Belajar Genius bersama Eric Weiner

Reiza Harits
MauBaca.
Published in
4 min readJul 12, 2017
Peraih Academy Award, Geoffrey Rush, berperan sebagai Einstein dalam serial televisi “Genius” oleh National Geographic. (sumber foto: nationalgeographic.com.au)

Pada suatu waktu di Athena Kuno, Aristoteles pernah berkata:

“Tidak ada seorang yang genius tanpa sebuah pemikiran yang gila.”.

Pada kesempatan lain, juga di Athena Kuno, kali ini giliran Socrates yang berkata:

“Satu-satunya kebijakan sejati adalah mengetahui bahwa kita tidak tahu apa-apa.”
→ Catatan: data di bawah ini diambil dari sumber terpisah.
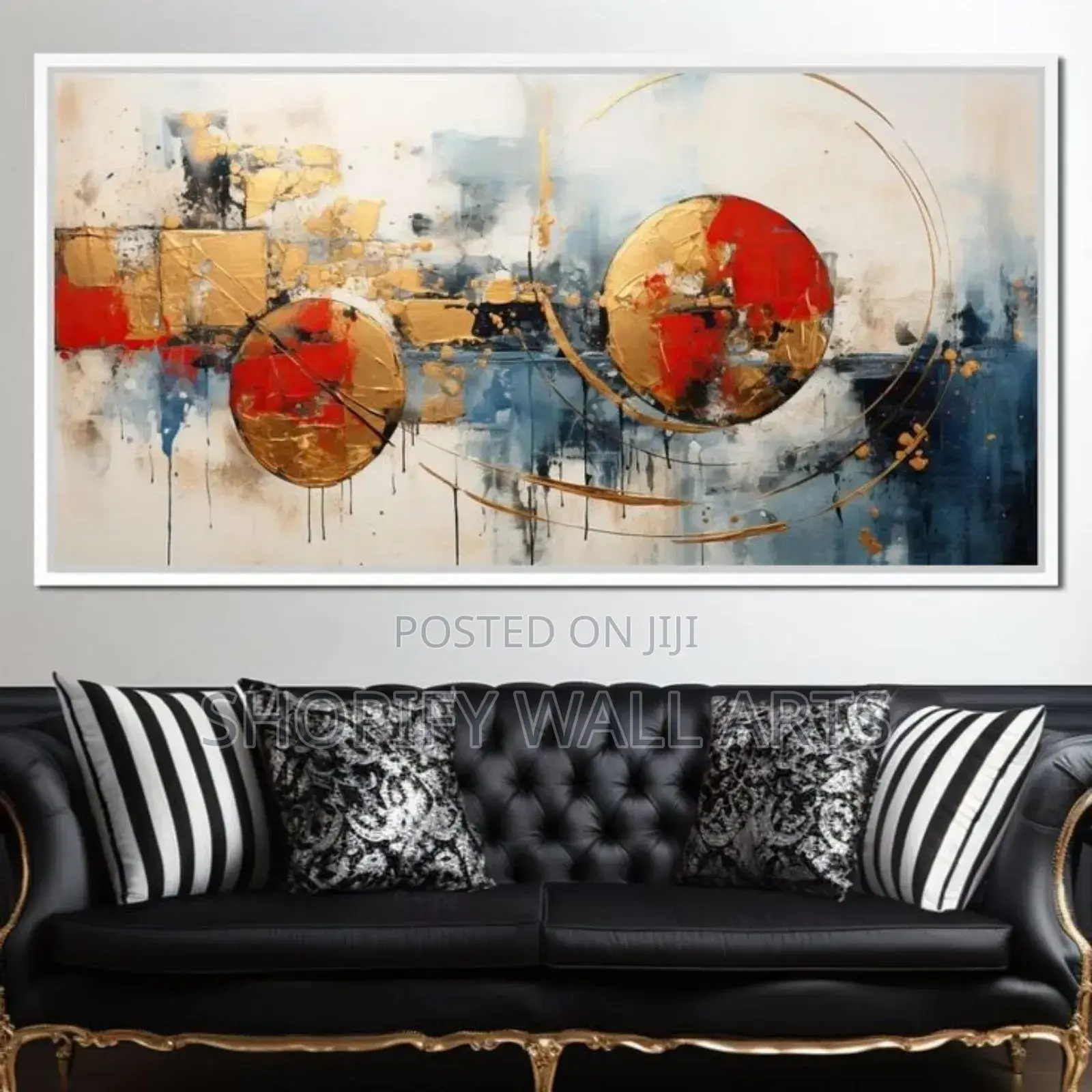 ውብ የግድግዳ ላይ ምስሎች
Pemikiran-pemikiran seperti itu mendorong Eric Weiner, seorang jurnalis sekaligus penulis, untuk mengetahui apa sebenarnya yang membuat Athena Kuno sangat bergairah dalam hal kegeniusan dan kreativitas berpikir. Sangat bergairah, sampai-sampai ia menyebut Athena Kuno sebagai tempat yang “menghasilkan lebih banyak pemikiran brilian dibandingkan tempat manapun yang pernah dilihat dunia sebelum maupun sesudahnya.” Mengapa? Ia bertanya. Jawaban yang ia temui sangatlah menarik, yaitu karena warga Athena Kuno senang berjalan kaki.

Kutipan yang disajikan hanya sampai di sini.